Each line from the one with "Мефедрон 4 MMC" through the last line of the material is to be printed exactly; no other line and no picture belongs in the copy.

Records shown:
○ ○ ○ ○

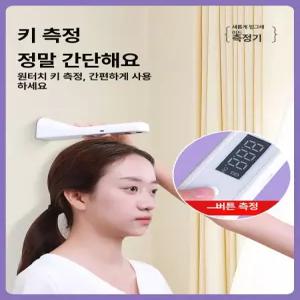 올렌토 초음파키측정기 신장계 무선 키재기 신체검사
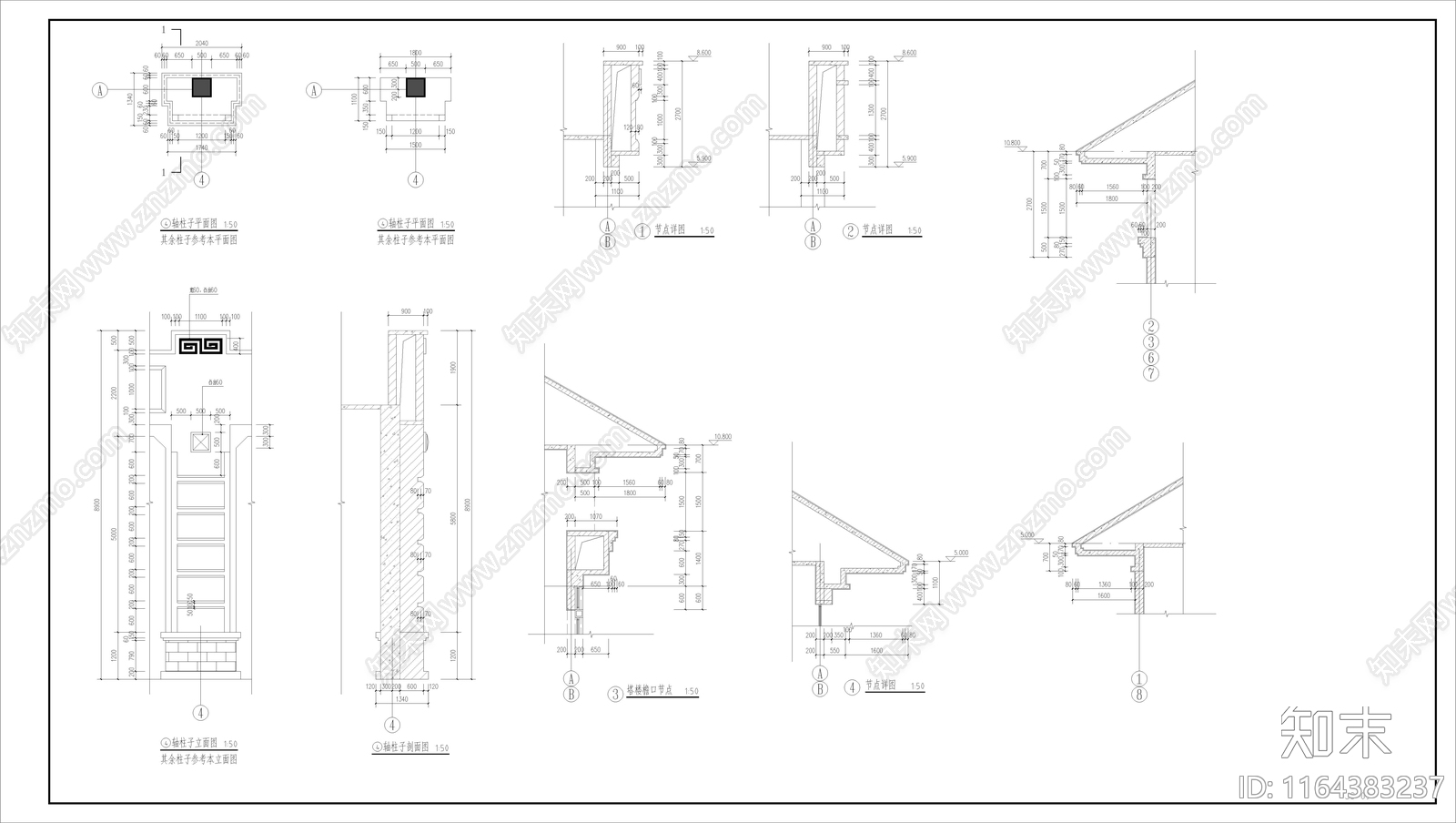 现代学校建筑cad施工图下载【ID:1164383237】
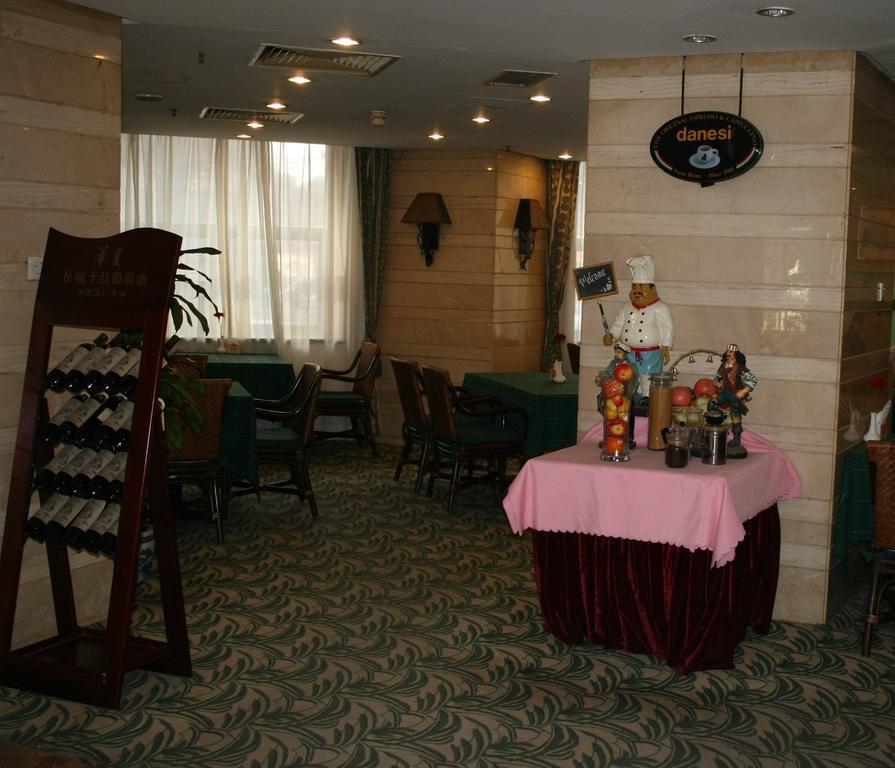 Beijing Shanshui Hotel Luaran gambar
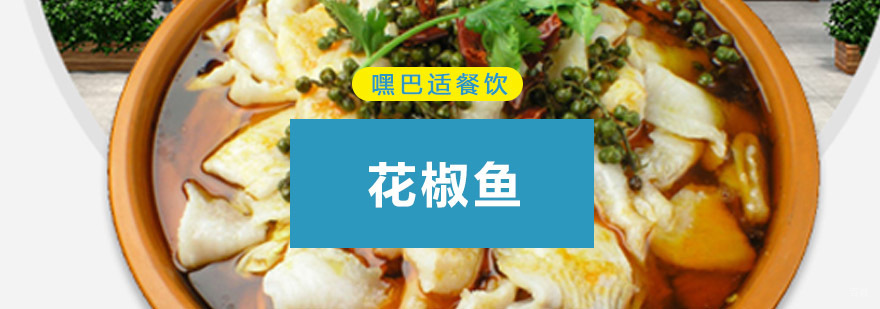 重庆花椒鱼培训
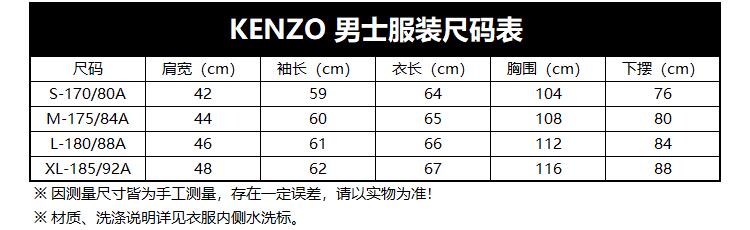 FA5 5PU504 3AB 77 尺码表.jpg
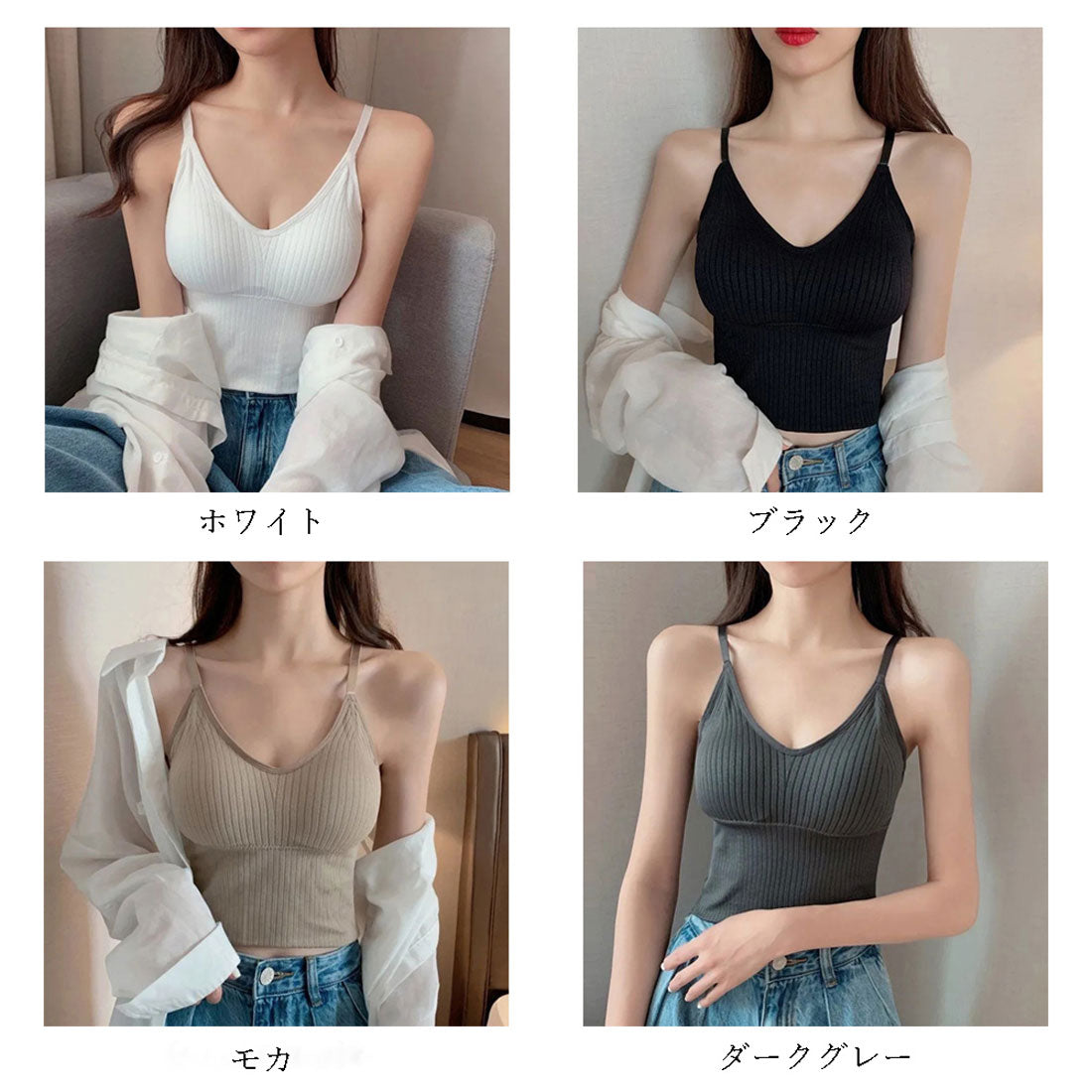 キャミソール Vネック インナー 重ね着 ブラック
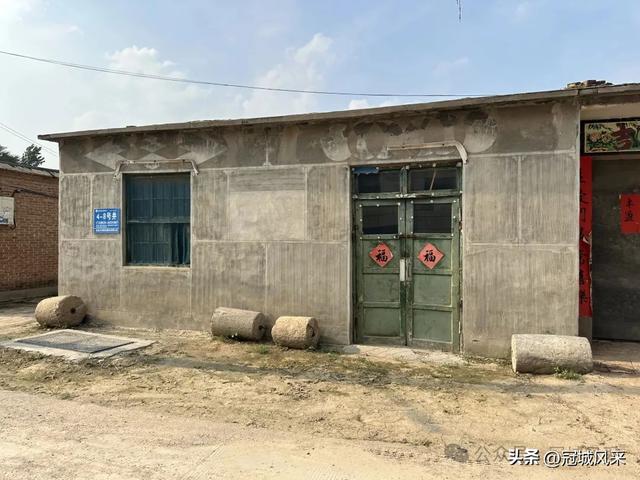 冠县乡韵·辛集镇丁刘八寨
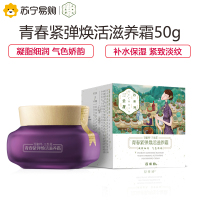 百雀羚三生花青春紧弹焕活滋养霜50g 锁水保湿 滋润营养 淡化细纹 紧致修护 各种肤质早晚面霜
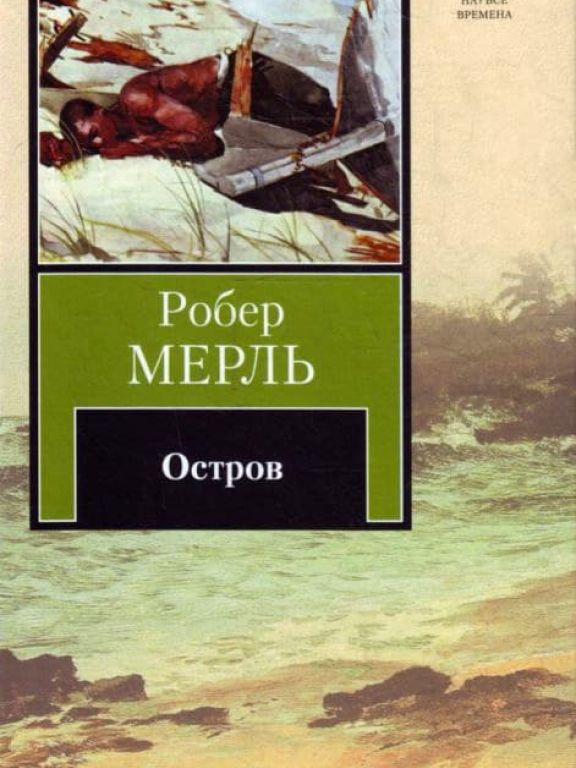 Остров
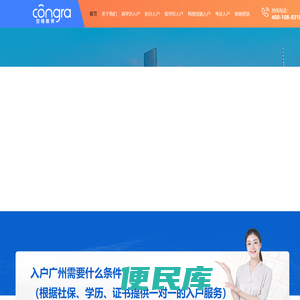 广州入户服务咨询中心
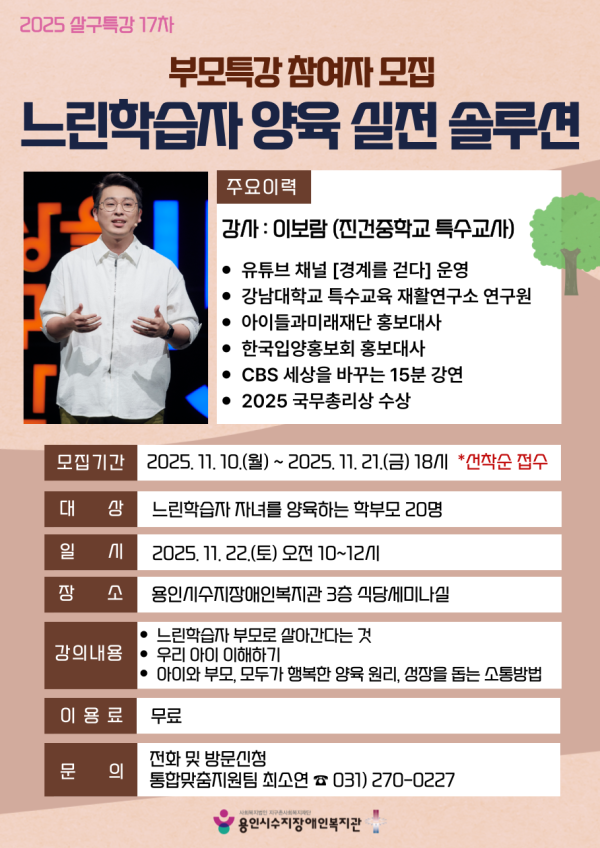느린학습자 양육 실전 솔루션 참여자 모집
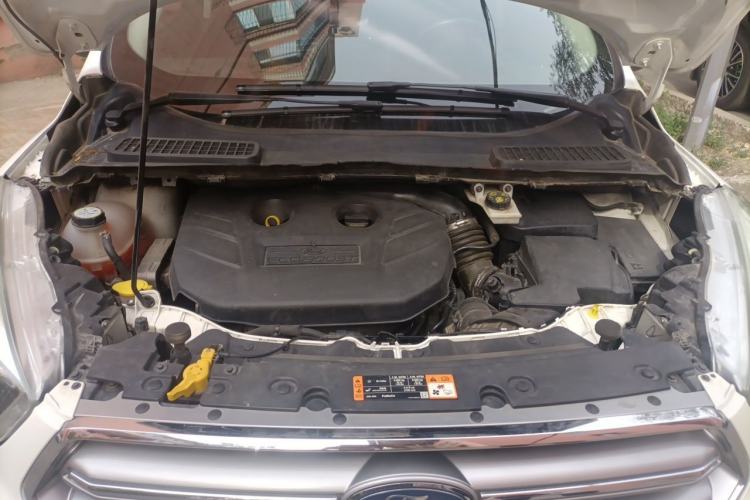 Used Ford Kuga 2017 EcoBoost 245 4x4 Prestige Edition Engine Bay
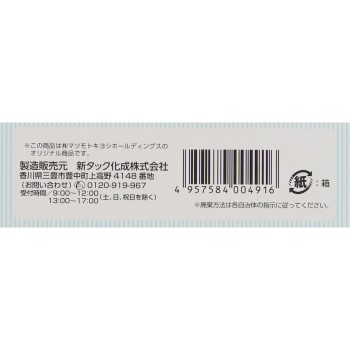 마츠키요 원터치 패드 대용량 S 30매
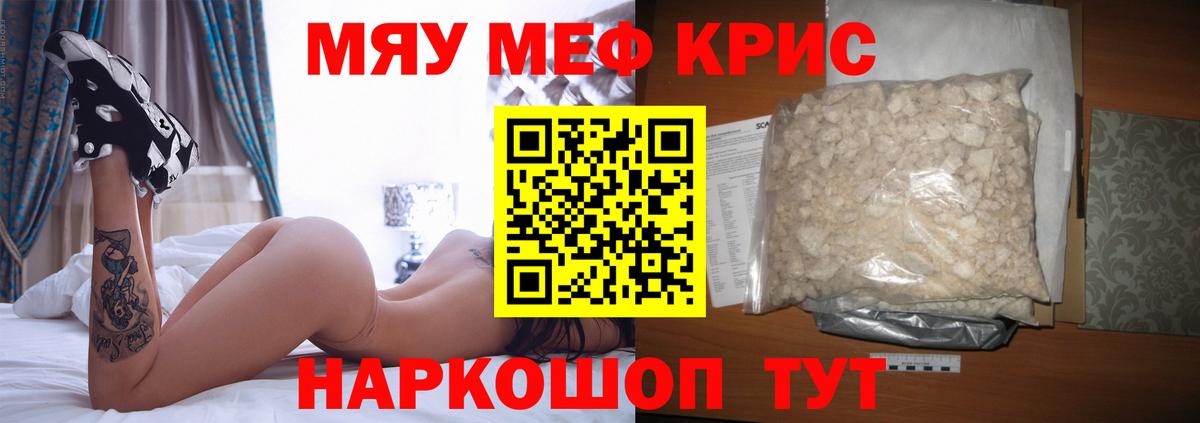 Мефедрон 4 MMC  МЕФ  Советск  Вход с VPN 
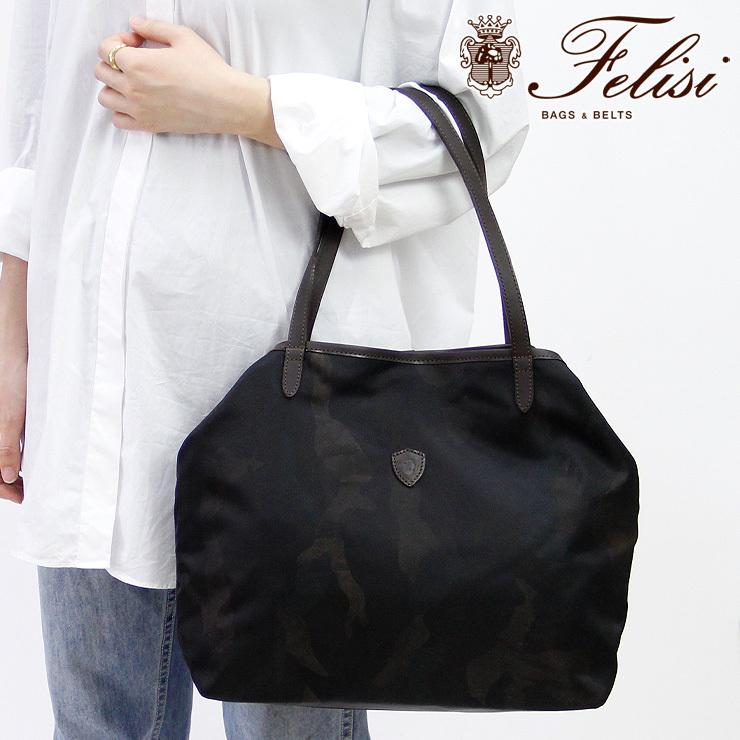 正規品 フェリージ バッグ Felisi トートバッグ ナイロン 軽量 本革 横入れ 肩がけ 迷彩柄 ミリタリー カモフラージュ レディース メンズ 15 50 Cf cf バッグのセレクトショップdanjo 通販 Yahoo ショッピング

○ ○ ○ ○

Answer box:
 Мефедрон 4 MMC  МЕФ  Советск  Вход с VPN 
 正規品 フェリージ バッグ Felisi トートバッグ ナイロン 軽量 本革 横入れ 肩がけ 迷彩柄 ミリタリー カモフラージュ レディース メンズ 15 50 Cf cf バッグのセレクトショップdanjo 通販 Yahoo ショッピング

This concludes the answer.